▶ Task details: Your job with the data below is to output exactly the lines from the one holding "Drone views of" down to the one holding "Newlyweds walk hand-in-hand", both included, and no others.
Supplied data Start Marker
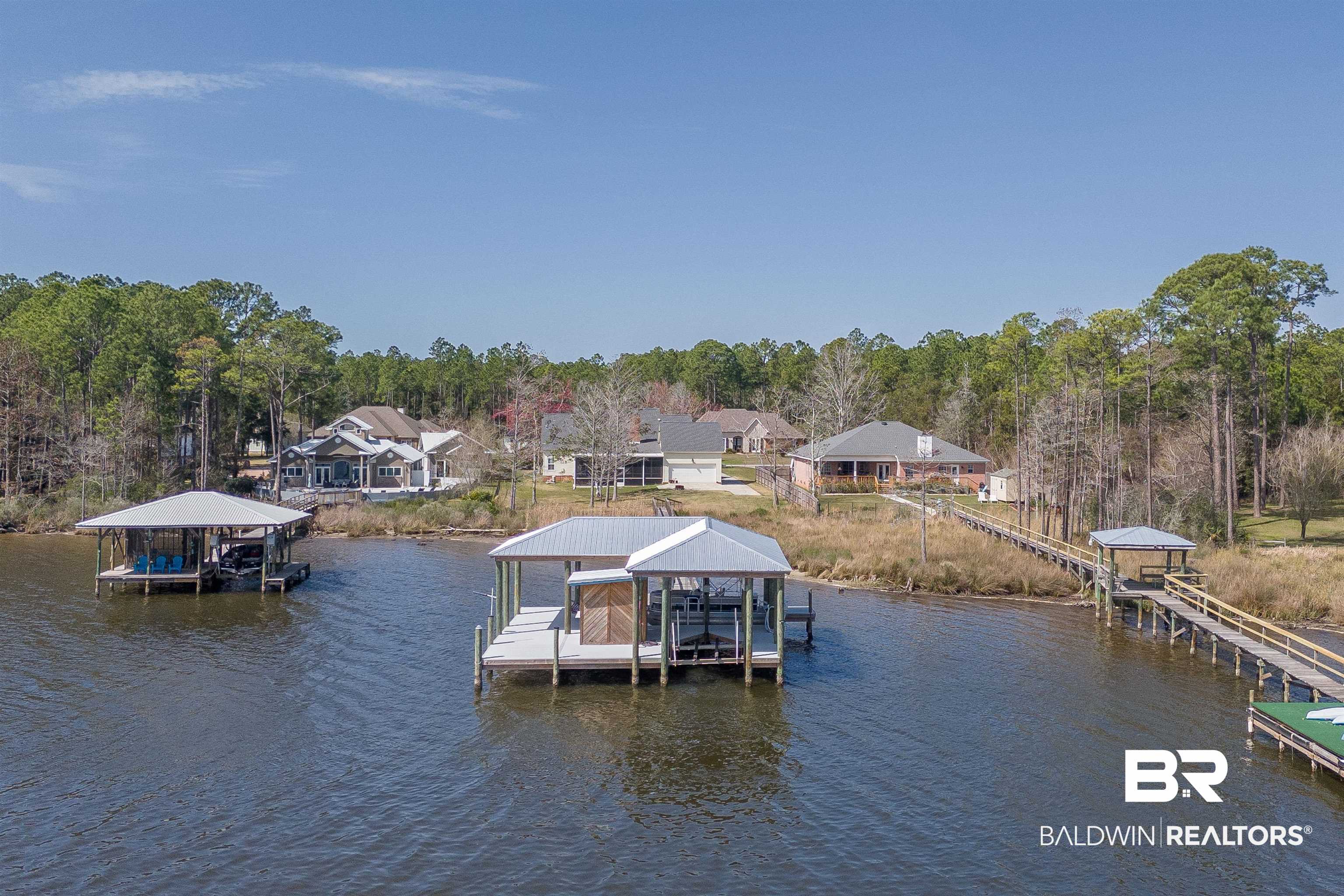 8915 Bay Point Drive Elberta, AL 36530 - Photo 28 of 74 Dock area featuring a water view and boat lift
Supplied data End Marker
Supplied data Start Marker
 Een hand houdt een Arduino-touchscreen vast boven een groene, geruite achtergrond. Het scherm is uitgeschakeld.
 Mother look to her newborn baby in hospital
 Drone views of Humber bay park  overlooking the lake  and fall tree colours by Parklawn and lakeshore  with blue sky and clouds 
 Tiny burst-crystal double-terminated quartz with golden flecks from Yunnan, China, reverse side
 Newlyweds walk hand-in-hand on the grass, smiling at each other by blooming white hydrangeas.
Supplied data End Marker
▶ Reply:
 Drone views of Humber bay park  overlooking the lake  and fall tree colours by Parklawn and lakeshore  with blue sky and clouds 
 Tiny burst-crystal double-terminated quartz with golden flecks from Yunnan, China, reverse side
 Newlyweds walk hand-in-hand on the grass, smiling at each other by blooming white hydrangeas.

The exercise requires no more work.